Contrário aos projetos de lei, Teixeira afirmou que o diagnóstico do movimento Escola sem Partido não é consensual e que essa suposta realidade carece de pesquisa e comprovação. "Se houver doutrinação, o que acho que não existe, tenho dúvida se esse é um problema para uma lei. Isso pode ser resolvido dentro da escola", disse. "Toda proposta que investe no controle, que limita, pode levar ao autoritarismo."

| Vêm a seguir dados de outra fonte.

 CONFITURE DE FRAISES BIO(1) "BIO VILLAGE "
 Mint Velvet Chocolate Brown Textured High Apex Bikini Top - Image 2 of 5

Aguiar, por sua vez, ressaltou que já existem mecanismos para que abusos sejam punidos, como o Ministério Público e as próprias secretarias de Educação. "Não existe necessidade de constranger e controlar o professor. A educação brasileira tem problemas mais sérios do que essa pseudodoutrinação", disse. "É um projeto autoritário que vai contra a prática mais moderna de educação."

FAMÍLIA

Teixeira, da FGV, afirmou que a escola não pode ser vista como extensão da família. "A escola é o encontro de diferentes convicções e o projeto confunde a linha tênue entre o público e vida privada", disse, ressaltando a limitação de abordagem do tema da sexualidade, por exemplo, a partir da entrada de uma lei em vigor. "As novas gerações devem ir além do que pensam as famílias".

O professor comentava especificamente um dos artigos do projeto, em que se destaca que o professor "respeitará o direito dos pais a que seus filhos recebam a educação moral que esteja de acordo com suas próprias convicções". "Esse foi o único trecho que não escrevi, ele está previsto artigo 12 da Convenção Americana sobre Direitos Humanos", defendeu Nagib.

O Ministério Público Federal encaminhou ao Congresso Nacional no último dia 23 nota técnica em que considera"inconstitucional" proposta de incluir o programa Escola Sem Partido na LDB. Especialistas em direito constitucional também questionam a proposta.